La música que se escucha hoy
Cuando estamos solos, si nadie nos ve, nadie nos oye, con Ezequiel hacemos algo que dijimos que no íbamos a hacer pero que no podemos evitar: nos parecemos a nuestros padres. En el auto durante un viaje, un trayecto largo sin semáforos (seguro la ruta, la ciudad no nos deja), cuando salimos a caminar, decimos eso que en otros lugares quizá callamos. Debería haber estudiado otra carrera, por qué las chicas salen a bailar en invierno con tan poca ropa, ¿no tienen frío?, para qué fuman tanto, no es necesario emborracharse para pasarla bien, no se entiende lo que dicen.
Últimamente estamos repetitivos (también como nuestros padres) y le dedicamos mucho tiempo a la música, a la música que se escucha ahora y que hacen jóvenes veinteañeros, a esta música que no para de sonar en las radios, en la televisión, en los boliches, en las redes, esta música que suena tanto que parece toda una, que suena con videos de cualquier cosa, con videos de pasitos que hay que hacer sí o sí, esa canción que nos hace acordar en algún punto al “Provócame” de Chayanne en los 90 que decía “libérate de una vez, ten valor” y entonces clap clap de puñito arriba a la derecha, clap clap de puñito abajo a la izquierda, pulgar de la mano derecha por encima del hombro, lo mismo del otro lado, onditas para arriba y dos palmas.

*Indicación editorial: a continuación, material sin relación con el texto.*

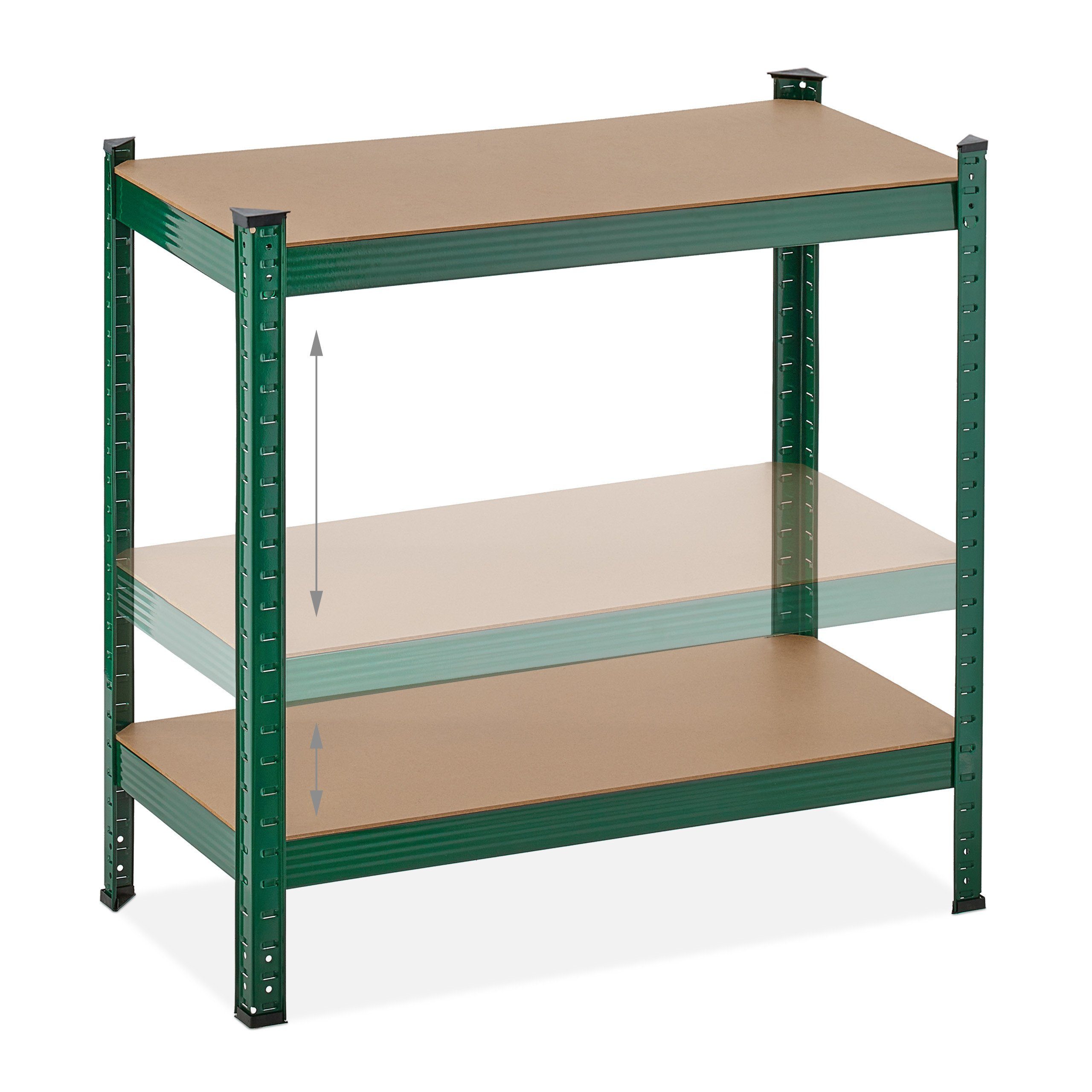 relaxdays Schwerlastregal Schwerlastregal Grün mit 4 Ebenen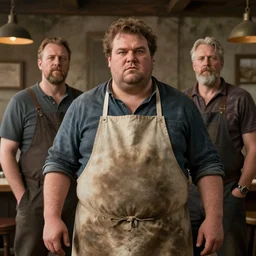 portrait of a fat tavern ownler with dirty apron by Edgar Maxence and Ross Tran and Michael Whelan, 8k, octane render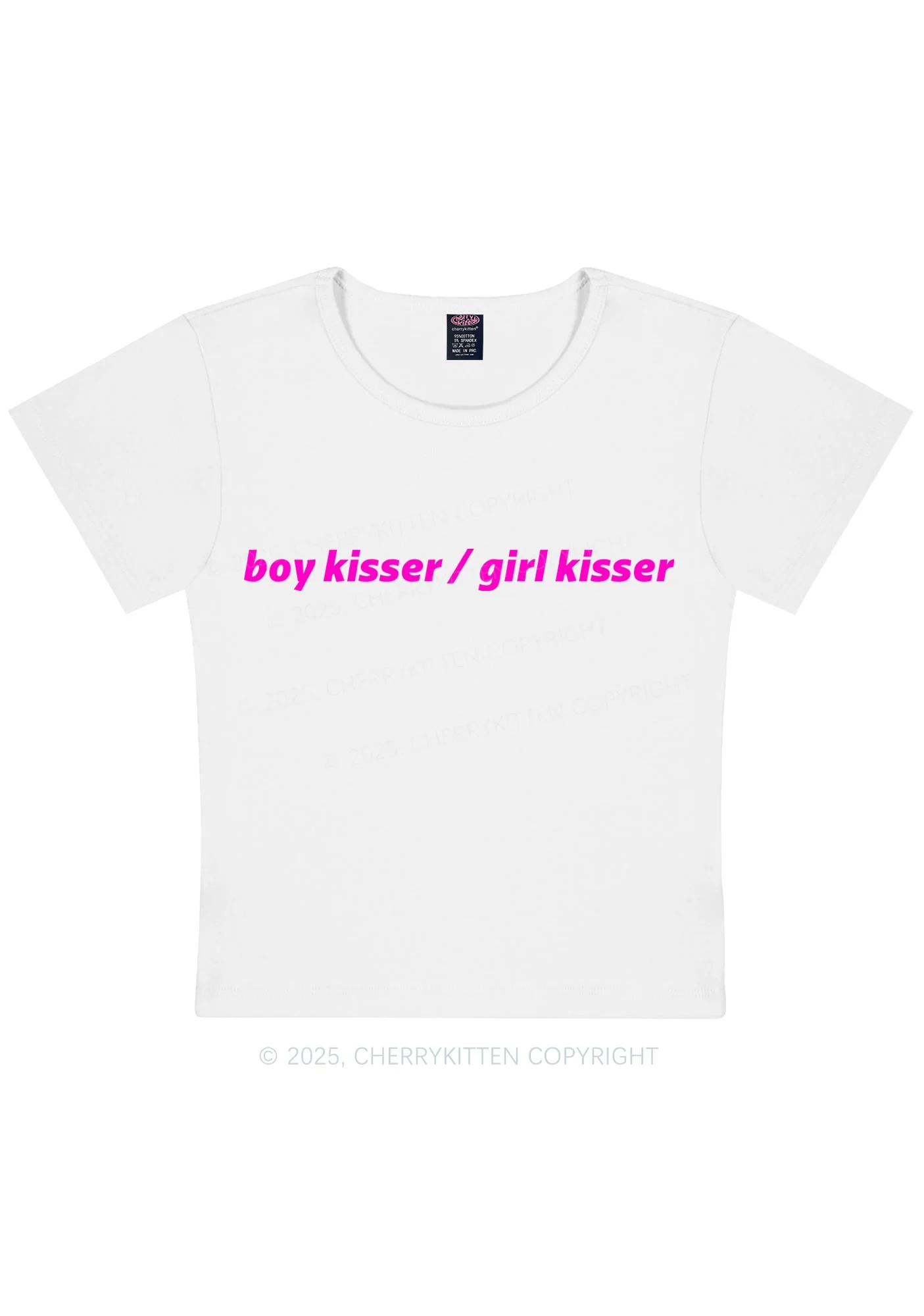Boy Kisser Girl Kisser Pride Y2K Baby Tee Cherrykitten - Image 4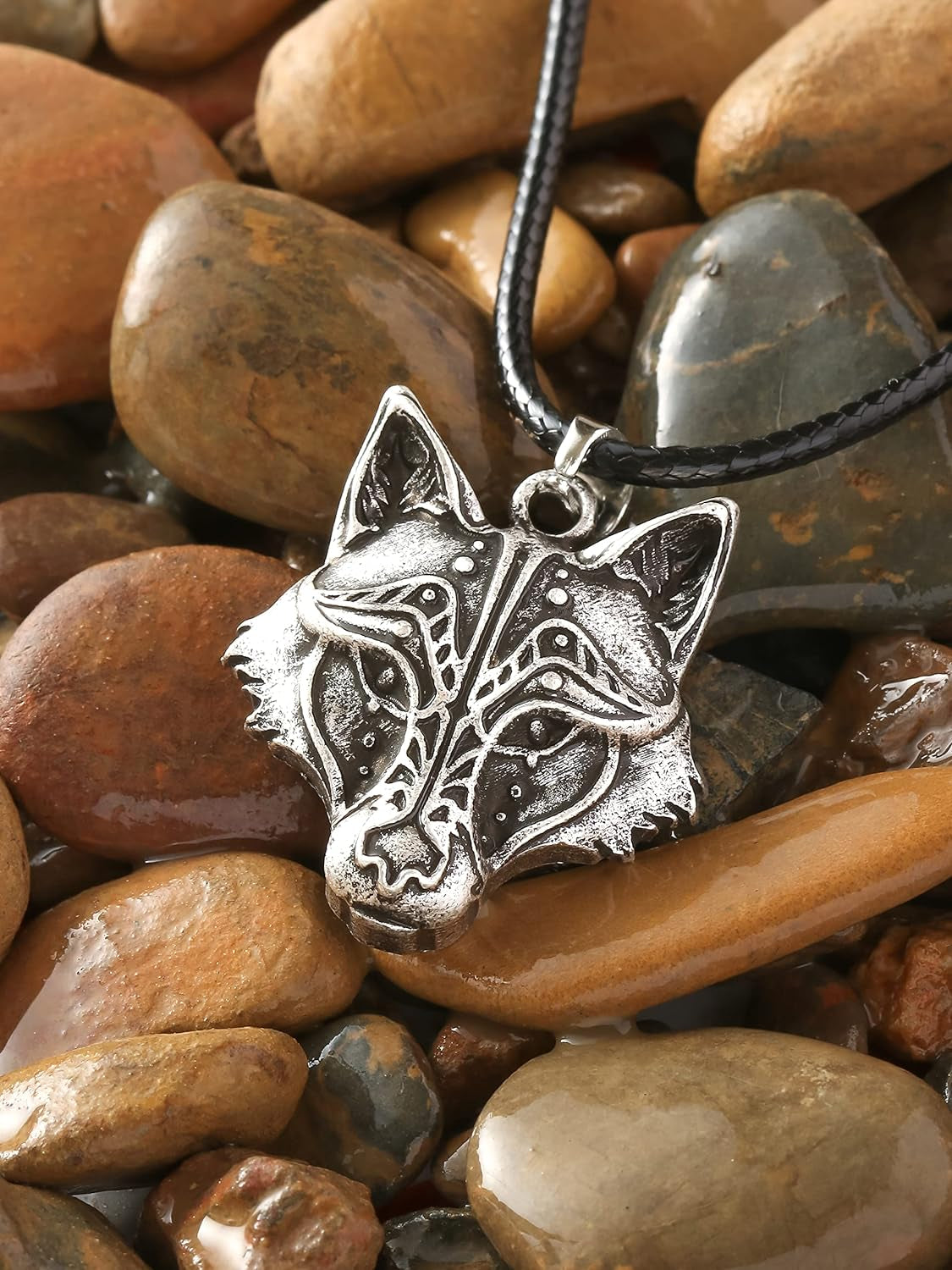 Wolf Necklace for Men and Women, Viking Wolf Head Pendant, Faux Leather Cord, Wolf Jewelry Gift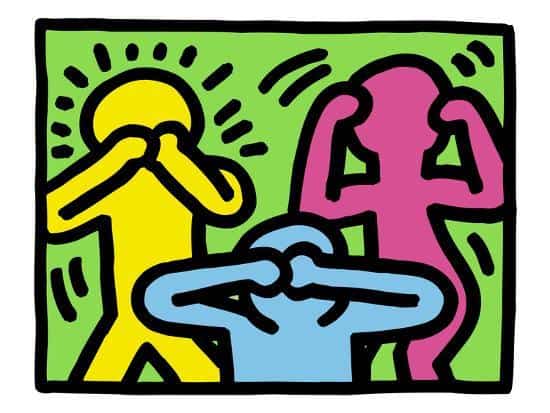 Keith Haring: See No Evil, Hear No Evil, Speak No Evil premium reproduction printed or painted
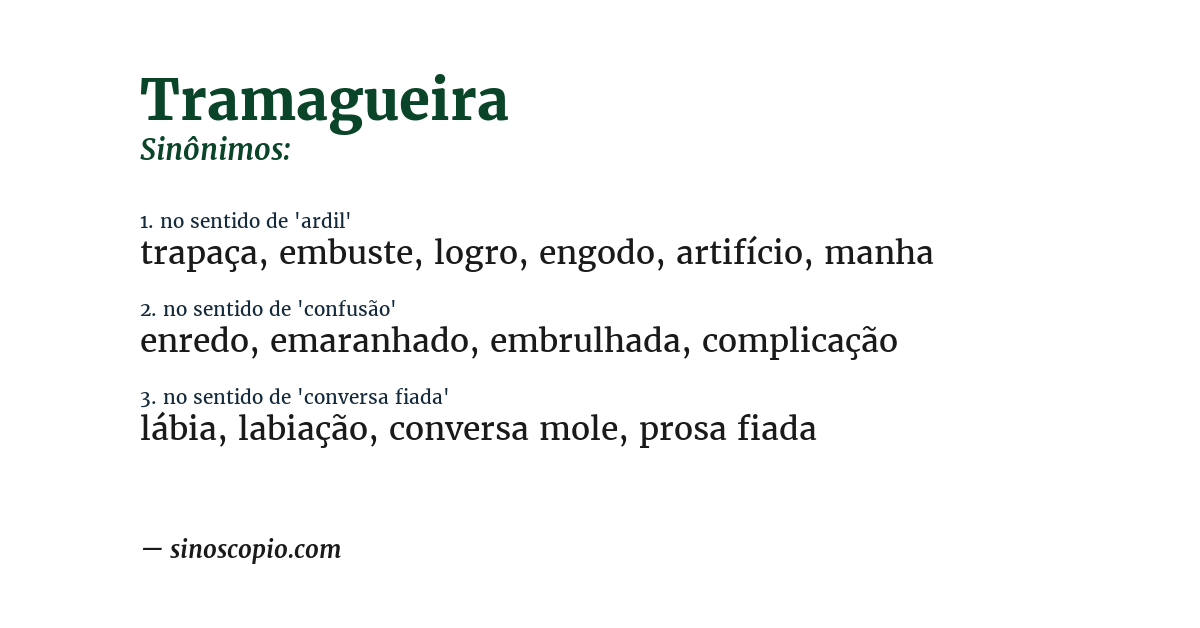Sinônimo de tramagueira
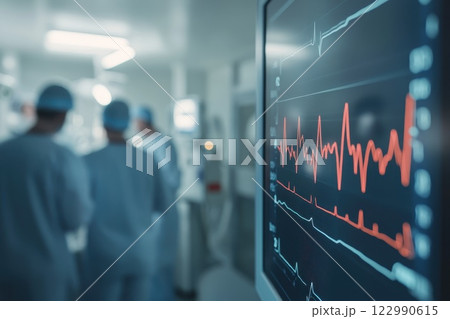 Medical Team Monitors Heart Rate on Screen in Hospital During Emergency Procedure Medical Team Monitors Heart Rate on Screen in Hospital During Emergency Procedure 122990615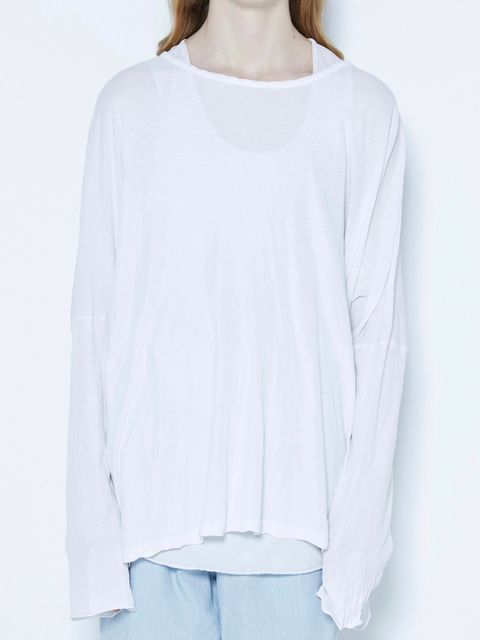 ルーズシルエット カットオフ ドルマンカットソー /  DOLMAN L/S / オフホワイト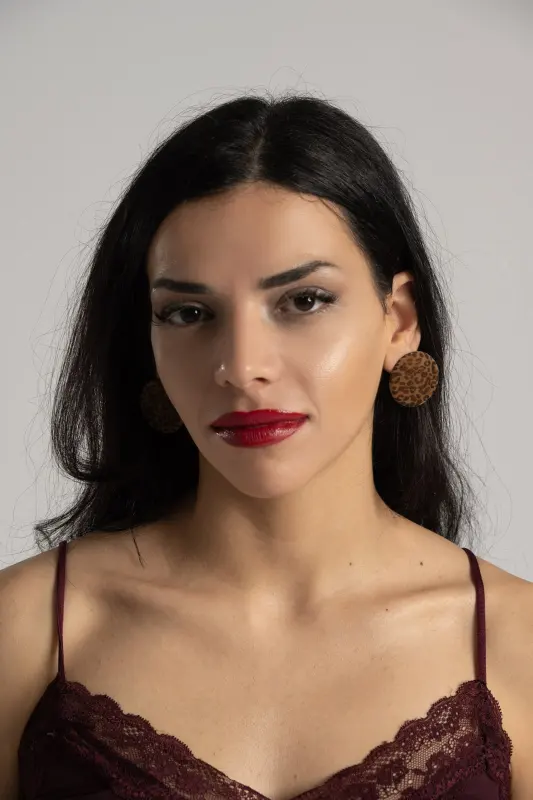 Σκουλαρίκια Studs Leopard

Repetimos que es una cagada, lo mismo que repetía mi madre por aquellas tardes en que yo me encerraba en mi habitación de esa esquina de Lomas de Zamora y prendía el discman que me habían comprado, le enchufaba los dos miniparlantes y ponía en ese artilugio muy de mi padre al volumen más alto que podía “No lo soñé”, de Diego Torres, y después una y otra vez “Wonderwall” de los hermanos Gallagher, que eran oasis entonces y para mi madre ni a los talones les llegaban a The Beatles. Repetimos que es una basura y me desconozco, pero me veo ahí, reflejada, yo como ellos, yo soy ellos, yo, ellos. El otro día incluso me atreví a ser malvada y sobre la música de ahora dije además algo así como que en los temas los que cantan tienen que decir sus nombres, quiénes son, mientras cantan porque si no nadie los reconoce. Ezequiel se rio.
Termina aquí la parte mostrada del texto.